Staff ML Performance Engineer (Inference Optimisation)
As a Staff ML Performance Engineer at Wayve, you will be instrumental in optimizing machine learning inference for edge accelerators and GPUs. This role focuses on running large transformer-based models efficiently on low-cost, low-power edge devices, contributing directly to the development of Wayve's first driving product. You will collaborate with cross-functional teams to ensure that these models operate reliably on in-vehicle compute systems.
Your primary responsibilities will include profiling and identifying bottlenecks across the entire inference stack, from model graphs to kernel execution and memory movement. You will implement and validate optimizations in compilers, runtimes, and kernels, such as operator fusion, scheduling, and quantization-aware performance enhancements. Additionally, you will build robust benchmarking and regression testing frameworks to maintain performance improvements across various models, devices, and software releases.

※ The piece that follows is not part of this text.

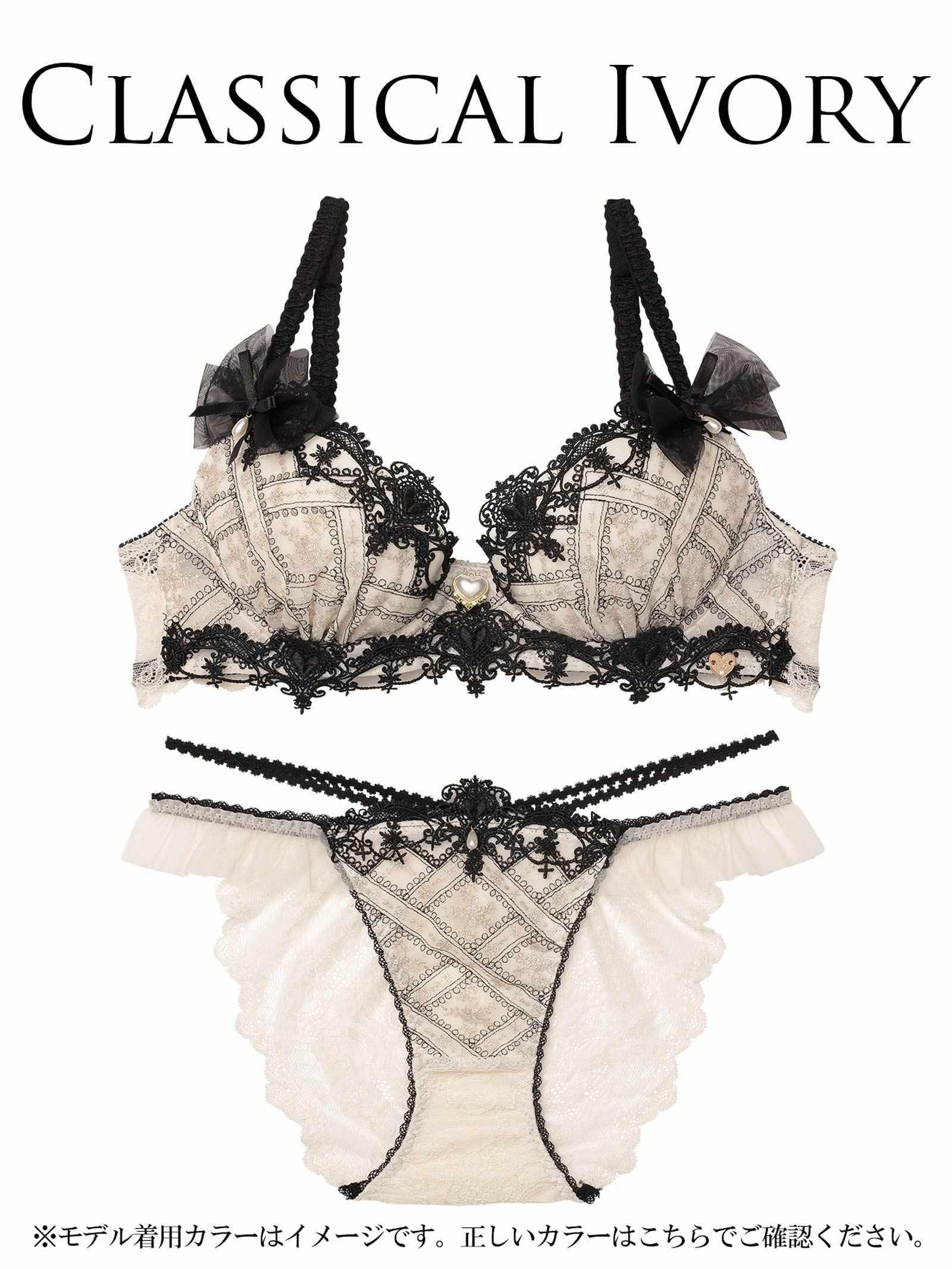 11/14新作!【明日花キララプロデュース/WhipBunny】Classical Shine Embroidery Bra&Shorts / クラシカルシャインエンブロイダリーブラ&ショーツ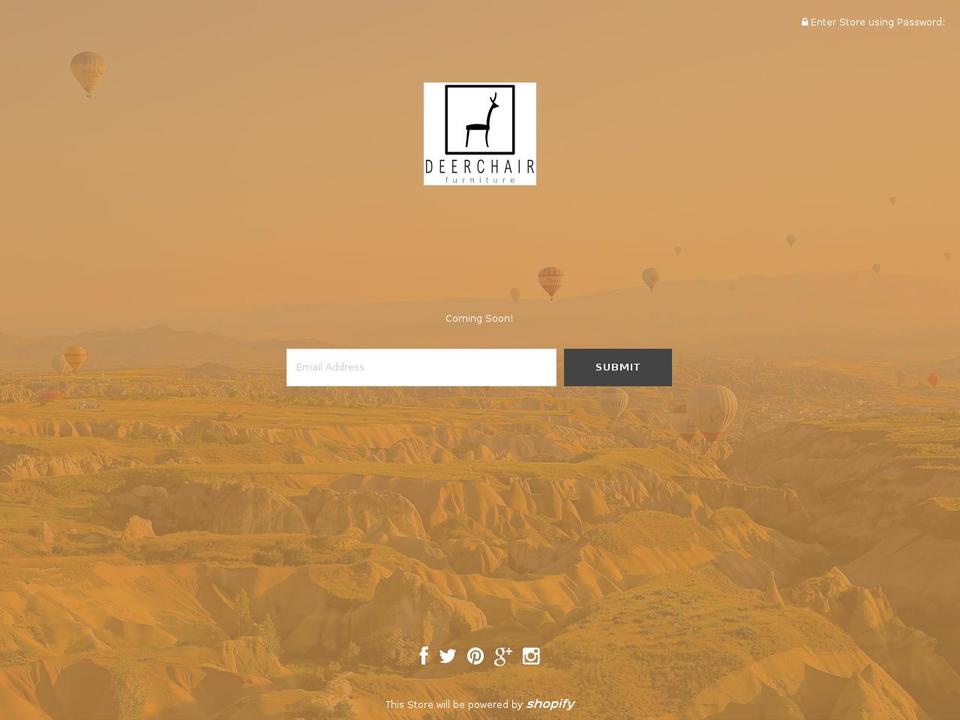 dearchair.com shopify website screenshot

The ideal candidate will have proven experience in improving performance in production systems with stringent constraints, such as latency, memory, bandwidth, power, thermal, or cost. Strong proficiency with relevant toolchains like TensorRT, CUDA, Qualcomm QNN, Triton, or OpenCL is essential, along with the ability to quickly learn adjacent frameworks. A solid foundation in software engineering fundamentals, including debugging, profiling, testing, and writing maintainable code, is also required.
Wayve offers a dynamic and inclusive work environment where your contributions will have a significant impact. The company values diversity and fosters a culture of continuous learning and innovation. This full-time role is based in London, with a hybrid working policy that combines in-office collaboration to fuel innovation and relationships, along with the flexibility of working from home.